Themenbereich 1: Gestalt der Polargebiete Interviews: Beim Zeichnen der Weltkarte zeichneten alle sieben Schüler eine Weltkarte ohne die Polargebiete. Erst durch das Hinweisen des Interviewers zeichneten fünf der Interviewten die Polargebiete grob ein. Auch auf Nachfrage ergänzten zwei Jugendliche die Polargebiete gar nicht. Die interviewten Schüler beschreiben ihre Vorstellung zu den Polargebieten als «eine Landschaft mit unregelmässigem Relief, wenig Tiere und vom Meer umgeben.» (Conrad 2012: 110) Zudem werden die Antarktis und die Arktis verwechselt oder als Synonym betrachtet. Das Alter der Eisfläche wird auf mehrere Millionen Jahre geschätzt, bei der Grösse wird von Deutschland bis über Australien alles erwähnt und die Entstehung wird auf drei verschiedene Arten erklärt: «1. Durch gefrieren des Meereseis 2. Durch Abbrechen einer riesigen Eisfläche vom Festland 3. Durch Ansammlung und Aufstaplung von Eis an den Polen, das von Gletschern abgebrochen ist.» (Conrad 2012: 110) Fragebogen: 21 der 33 Schüler zeichneten die Polargebiete in der Weltkarte ein.

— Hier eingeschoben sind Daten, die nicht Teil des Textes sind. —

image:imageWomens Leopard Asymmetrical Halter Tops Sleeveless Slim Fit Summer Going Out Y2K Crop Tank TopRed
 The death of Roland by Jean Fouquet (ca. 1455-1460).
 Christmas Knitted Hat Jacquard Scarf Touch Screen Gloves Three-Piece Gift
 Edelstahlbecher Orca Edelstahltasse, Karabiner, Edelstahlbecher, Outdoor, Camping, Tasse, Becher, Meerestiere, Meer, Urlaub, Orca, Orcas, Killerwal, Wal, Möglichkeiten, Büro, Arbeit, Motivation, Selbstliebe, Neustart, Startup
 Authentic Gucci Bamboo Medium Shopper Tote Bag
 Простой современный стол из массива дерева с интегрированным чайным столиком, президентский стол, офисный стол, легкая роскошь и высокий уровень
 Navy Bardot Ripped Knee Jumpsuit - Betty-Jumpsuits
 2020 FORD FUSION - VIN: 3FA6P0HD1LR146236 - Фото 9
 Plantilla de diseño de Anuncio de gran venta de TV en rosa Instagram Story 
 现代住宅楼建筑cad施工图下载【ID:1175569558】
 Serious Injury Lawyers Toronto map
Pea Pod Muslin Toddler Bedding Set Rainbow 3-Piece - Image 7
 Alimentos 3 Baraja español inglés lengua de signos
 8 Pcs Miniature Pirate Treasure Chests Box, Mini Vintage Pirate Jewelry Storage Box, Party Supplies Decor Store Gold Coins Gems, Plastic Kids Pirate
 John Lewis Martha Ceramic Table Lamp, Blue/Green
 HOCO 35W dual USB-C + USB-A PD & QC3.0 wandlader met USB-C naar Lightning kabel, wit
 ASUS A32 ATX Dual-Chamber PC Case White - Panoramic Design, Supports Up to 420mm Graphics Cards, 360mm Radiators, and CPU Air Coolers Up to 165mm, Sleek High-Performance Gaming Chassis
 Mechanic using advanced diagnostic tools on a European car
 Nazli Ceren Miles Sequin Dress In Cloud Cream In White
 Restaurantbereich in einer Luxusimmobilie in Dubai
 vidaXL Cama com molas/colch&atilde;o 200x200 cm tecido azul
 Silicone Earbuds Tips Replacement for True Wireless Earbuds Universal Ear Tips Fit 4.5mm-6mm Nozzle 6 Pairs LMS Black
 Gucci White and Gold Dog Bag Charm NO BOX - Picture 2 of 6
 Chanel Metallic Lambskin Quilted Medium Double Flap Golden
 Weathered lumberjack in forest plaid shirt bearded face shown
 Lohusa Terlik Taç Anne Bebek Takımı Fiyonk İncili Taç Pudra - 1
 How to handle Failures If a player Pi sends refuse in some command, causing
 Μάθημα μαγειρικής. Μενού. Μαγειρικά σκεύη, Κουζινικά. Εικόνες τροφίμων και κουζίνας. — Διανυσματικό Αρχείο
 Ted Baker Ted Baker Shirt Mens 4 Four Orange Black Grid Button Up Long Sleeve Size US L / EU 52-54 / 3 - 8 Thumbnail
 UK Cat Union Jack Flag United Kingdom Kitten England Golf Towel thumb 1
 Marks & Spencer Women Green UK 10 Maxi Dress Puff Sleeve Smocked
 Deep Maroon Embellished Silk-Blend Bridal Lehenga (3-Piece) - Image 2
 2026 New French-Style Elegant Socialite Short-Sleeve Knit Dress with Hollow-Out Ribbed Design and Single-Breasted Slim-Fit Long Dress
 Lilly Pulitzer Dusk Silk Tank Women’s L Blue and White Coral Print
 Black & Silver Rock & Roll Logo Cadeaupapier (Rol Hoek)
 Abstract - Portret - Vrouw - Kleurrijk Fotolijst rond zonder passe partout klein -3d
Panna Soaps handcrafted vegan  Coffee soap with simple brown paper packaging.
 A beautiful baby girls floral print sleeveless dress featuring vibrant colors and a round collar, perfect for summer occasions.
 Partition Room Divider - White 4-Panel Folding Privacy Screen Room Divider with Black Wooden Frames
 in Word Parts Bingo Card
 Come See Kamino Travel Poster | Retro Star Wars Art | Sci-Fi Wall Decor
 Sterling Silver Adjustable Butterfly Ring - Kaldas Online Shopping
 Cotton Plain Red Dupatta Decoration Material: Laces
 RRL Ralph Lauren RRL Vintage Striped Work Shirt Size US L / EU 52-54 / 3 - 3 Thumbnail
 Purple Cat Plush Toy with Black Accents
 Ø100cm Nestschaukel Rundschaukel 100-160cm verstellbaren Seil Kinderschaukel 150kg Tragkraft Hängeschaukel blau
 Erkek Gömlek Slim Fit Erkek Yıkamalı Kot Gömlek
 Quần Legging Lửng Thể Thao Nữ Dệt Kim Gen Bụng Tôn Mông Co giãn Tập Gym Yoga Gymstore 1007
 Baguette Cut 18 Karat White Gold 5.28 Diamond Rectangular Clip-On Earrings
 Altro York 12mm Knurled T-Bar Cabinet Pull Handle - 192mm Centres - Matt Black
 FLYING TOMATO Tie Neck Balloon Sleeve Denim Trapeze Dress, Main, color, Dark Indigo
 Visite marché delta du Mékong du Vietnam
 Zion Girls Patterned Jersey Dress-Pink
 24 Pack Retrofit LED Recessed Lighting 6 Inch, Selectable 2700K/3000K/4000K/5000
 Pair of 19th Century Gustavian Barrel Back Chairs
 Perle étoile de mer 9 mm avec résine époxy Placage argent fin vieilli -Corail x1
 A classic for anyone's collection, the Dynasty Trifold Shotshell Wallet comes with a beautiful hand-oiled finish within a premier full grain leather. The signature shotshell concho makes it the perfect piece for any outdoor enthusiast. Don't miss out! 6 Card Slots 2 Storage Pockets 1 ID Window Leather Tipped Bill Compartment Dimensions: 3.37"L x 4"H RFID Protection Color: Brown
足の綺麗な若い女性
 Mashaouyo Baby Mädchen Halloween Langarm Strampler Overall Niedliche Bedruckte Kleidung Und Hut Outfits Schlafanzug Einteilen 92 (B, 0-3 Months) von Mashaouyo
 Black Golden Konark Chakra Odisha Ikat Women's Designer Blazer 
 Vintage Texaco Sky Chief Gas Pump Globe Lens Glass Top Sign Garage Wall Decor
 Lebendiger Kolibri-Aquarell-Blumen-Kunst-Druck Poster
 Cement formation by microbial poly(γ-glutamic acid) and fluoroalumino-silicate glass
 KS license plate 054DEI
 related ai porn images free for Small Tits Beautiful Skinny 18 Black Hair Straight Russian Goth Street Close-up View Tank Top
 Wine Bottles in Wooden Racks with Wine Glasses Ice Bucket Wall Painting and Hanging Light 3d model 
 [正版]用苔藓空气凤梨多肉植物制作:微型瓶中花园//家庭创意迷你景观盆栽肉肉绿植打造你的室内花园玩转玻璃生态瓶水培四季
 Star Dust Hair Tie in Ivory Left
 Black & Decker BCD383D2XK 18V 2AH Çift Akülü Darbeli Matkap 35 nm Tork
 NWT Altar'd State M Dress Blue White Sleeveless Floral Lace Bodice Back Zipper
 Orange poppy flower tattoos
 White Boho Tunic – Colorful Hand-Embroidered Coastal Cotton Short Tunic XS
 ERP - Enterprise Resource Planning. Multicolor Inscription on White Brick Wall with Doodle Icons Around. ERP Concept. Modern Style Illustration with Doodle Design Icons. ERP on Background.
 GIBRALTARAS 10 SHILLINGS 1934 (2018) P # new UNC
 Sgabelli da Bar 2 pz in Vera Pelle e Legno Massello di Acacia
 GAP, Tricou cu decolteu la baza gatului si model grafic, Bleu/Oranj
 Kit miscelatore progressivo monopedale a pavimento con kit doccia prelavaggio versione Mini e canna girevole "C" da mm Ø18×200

Erklärungsansätze: In vielen Lehrmittel sind auf den Weltkarten die Polargebiete gar nicht eingezeichnet und gehen somit sehr schnell vergessen.

Themenbereich 2: Schülervorstellungen von Landeismassen Gestalt: Eisberge werden von den Schülern als von Eis und Schnee überzogene Berge oder als Berge, die komplett aus Schnee und Eis sind definiert. Was deutlich wird ist, dass vielen Schülern der Unterschied zwischen Gletscher und Eisberg nicht klar ist. So wird zum Beispiel bei der Erläuterung eines Gletschers, dieser als schwimmender Eisberg im Wasser bezeichnet. Entstehung: Es ist eine grosse Unsicherheit bezüglich der Entstehung von Gletschern erkenntlich. Dass aus Schnee Eis werden kann ist für die meisten Schüler unverständlich. Die Hälfte der befragten Schüler hat keine Ahnung wie Gletscher entstehen könnten. Zudem hat sich klar gezeigt, dass die Schneemetamorphose im Unterricht genauer behandelt werden muss!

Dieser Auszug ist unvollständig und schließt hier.